Maybe you are an expert mental gymnast, like myself. You had to be, growing up in that world of pesky absolutes. On one hand, you are so special; yet, on the other, you’re not quite worthy — you could do better.
You are loved, unconditionally, without question — on the condition you do everything the prophet says. And when you speak of the prophet, you speak very softly, like this.
You are told that lying is a sin. Yet, if anyone asks you if your dad is a polygamist, you have to lie.
What are the mental gymnastics you pull to stay within your paradigm to avoid cutting your losses? Would you like to see a polygamist wedding? Jazz hands!

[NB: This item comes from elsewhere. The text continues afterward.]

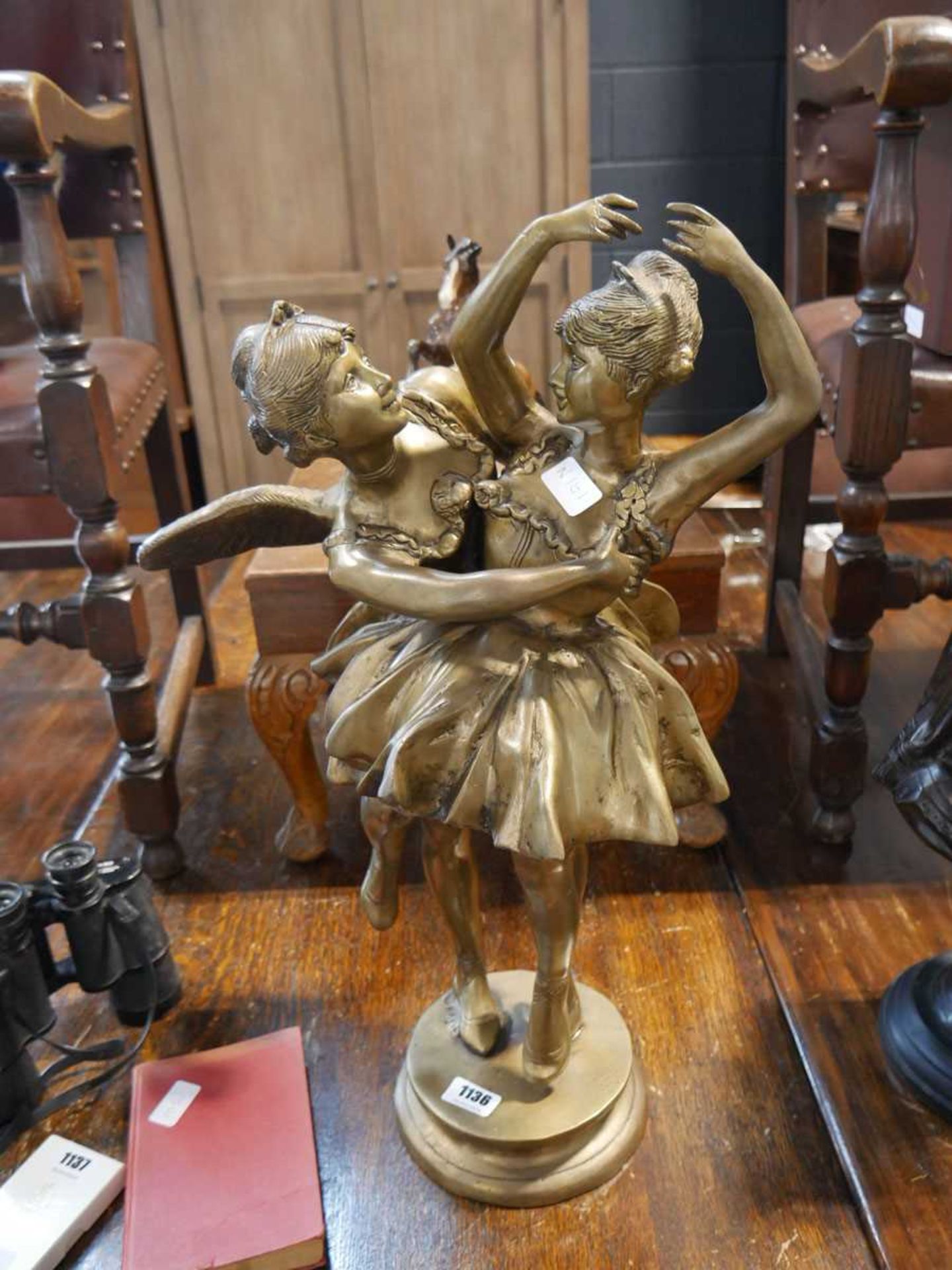 Brass ornament of 2 ballerinas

This is my mother at the age of 16, being placed in an arranged marriage with my father. Now, note: these are not bridesmaids, these are my mom’s sistermoms, and those are my dad’s — one, two, three, four, five, six…There is just a lot of women in that room.
Throughout my basketball career, I’ve had team mates come up to me and say, “Hey yo, dawg! This new club be hoppin’. There’s like a three girls to one guy ratio, we gotta go check it.”
And I’m like, “I’m good.”
As a boy, growing up in polygamy, you saw men in power, the prophets with multiple wives, and so you began telling yourself a story that a woman is how God validates you. More wives equals more worthy, equals more power, equals more blessings, equals more wives, and so on, and so on.
And you’re also told that women don’t need the priesthood because they’re already so spiritual. So, as a boy, I began putting women on pedestals believing that they were inherently better than me, that they somehow had X-ray vision, and could see right through me, and determine if I was worthy or not.
A dialogue went like this one day with my cousin, when I was 12 years old:
Steven Don — and it’s proper etiquette to use middle names when you have 400 first cousins running around the wilderness like smurfs. Steven Don, I think I like Lisa. Do you think she might like me back?
“No, I already claimed her. I called dibs.”
But, you called dibs on Sarah, last week.
“Yeah, so? We’re polygamists.”
Oh. Can you imagine how competitive that world might be? Polygamy? Once a girl began to mature, not only did you like her, but your brothers, your cousins, your uncles — Heck! Even your dad, theoretically, is your competition. And you’re all playing for keeps. Because the founders of the Mormon faith did declare, you need at least two wives to get to the highest degree of glory in heaven.
My fear and anxiety around girls is only exacerbated by how difficult it was for me to hear them, as they speak on a higher register, and I was also very self conscious about how I talked.